This story leads me back to the time when my mom passed away and followed by the demised of my dad 10 months later.
Death. It’s very mysterious. Members of the family, of the bigger family, gather on birthdays, reunions, baptism, school graduations, weddings and what not, but as always, not everybody will be present. Then somebody says goodbye forever. What do we see? Who do we see? Unfamiliar faces. Relatives whose names are unknown, not to mention that at times, we meet people who claim to be a brother or a sister which makes the situation not only complex but utterly depressing. Enemies become friends. Everyone hugs everybody for consolation. We suddenly feel kindness and compassion hovering above our heads. We feel numbness. It feels like we just got slapped. Slapped by a powerful being unseen but profoundly felt because a beloved was taken away.
A death of a loved one equates a 7.8 magnitude jolt of an earthquake while we sit and wait for the earth to crumble and see the rubbles to unravel and dwell among the bereaved family survivors followed by aftershocks even bigger than the major blow. I know. I got through, and still in mourning by the loss of my husband and my parents. Three wonderful people I love dearly.
A slap hurts. It hurts big and the swelling lingers for a long time. What’s worse is that we only realize how important the word’ family’ is when somebody dies. We are too human. Too hanged up by our ego, insecurities, hatred, jealousy, envy and greed forgetting that all these do not matter anymore when a person who gives meaning to your life is gone.
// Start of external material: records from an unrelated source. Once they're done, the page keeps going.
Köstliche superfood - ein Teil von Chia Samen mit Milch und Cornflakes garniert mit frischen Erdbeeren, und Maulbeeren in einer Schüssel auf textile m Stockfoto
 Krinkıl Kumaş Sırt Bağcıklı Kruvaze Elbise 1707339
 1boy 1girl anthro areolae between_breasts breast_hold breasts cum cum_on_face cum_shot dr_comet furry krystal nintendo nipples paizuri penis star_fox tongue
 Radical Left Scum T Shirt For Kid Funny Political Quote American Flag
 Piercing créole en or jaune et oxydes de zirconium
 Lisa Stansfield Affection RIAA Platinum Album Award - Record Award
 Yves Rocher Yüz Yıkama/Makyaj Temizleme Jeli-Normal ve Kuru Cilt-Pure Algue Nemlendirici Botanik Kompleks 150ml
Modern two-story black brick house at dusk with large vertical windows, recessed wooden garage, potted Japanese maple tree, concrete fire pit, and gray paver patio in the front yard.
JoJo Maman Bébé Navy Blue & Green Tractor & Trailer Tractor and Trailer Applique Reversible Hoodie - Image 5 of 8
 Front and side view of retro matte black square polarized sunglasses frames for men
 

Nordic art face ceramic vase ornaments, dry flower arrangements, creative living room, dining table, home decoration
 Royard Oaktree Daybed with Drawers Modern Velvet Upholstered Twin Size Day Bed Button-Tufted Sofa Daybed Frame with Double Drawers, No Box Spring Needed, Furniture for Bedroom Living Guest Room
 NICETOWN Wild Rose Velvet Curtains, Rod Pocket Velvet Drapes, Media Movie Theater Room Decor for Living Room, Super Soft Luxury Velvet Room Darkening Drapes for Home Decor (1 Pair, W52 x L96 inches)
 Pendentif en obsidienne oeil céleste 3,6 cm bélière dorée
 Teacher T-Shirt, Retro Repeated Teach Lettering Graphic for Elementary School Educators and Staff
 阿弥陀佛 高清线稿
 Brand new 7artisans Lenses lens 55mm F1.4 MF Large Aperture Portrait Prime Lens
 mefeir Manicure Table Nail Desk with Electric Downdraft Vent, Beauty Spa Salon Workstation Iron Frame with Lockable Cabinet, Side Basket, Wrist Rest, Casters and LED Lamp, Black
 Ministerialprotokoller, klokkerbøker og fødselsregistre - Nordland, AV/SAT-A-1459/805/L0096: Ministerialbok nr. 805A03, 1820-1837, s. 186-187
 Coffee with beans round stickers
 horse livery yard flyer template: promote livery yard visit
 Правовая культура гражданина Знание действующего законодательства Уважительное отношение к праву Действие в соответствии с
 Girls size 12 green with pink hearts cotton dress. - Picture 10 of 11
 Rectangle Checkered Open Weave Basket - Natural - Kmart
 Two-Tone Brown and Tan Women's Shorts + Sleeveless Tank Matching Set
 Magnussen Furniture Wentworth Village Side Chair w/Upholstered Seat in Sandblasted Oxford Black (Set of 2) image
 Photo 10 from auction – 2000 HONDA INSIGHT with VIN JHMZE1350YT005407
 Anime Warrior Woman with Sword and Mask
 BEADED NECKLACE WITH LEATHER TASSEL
We are being reminded time and again that we are here on earth on a temporary basis. While we are busy working for that dream, reaching that shooting star, and dying to have our shining hour, it’s imperative to take baby steps backward and pause to meditate on what is our real purpose in life. The call from my brother to tell the news about our beloved aunt was a slap and a relief. God knows when to knock when life takes a toll on us. I am writing this as we mourn for the passing away of my Auntie Lilia. Rest now my dear Aunt.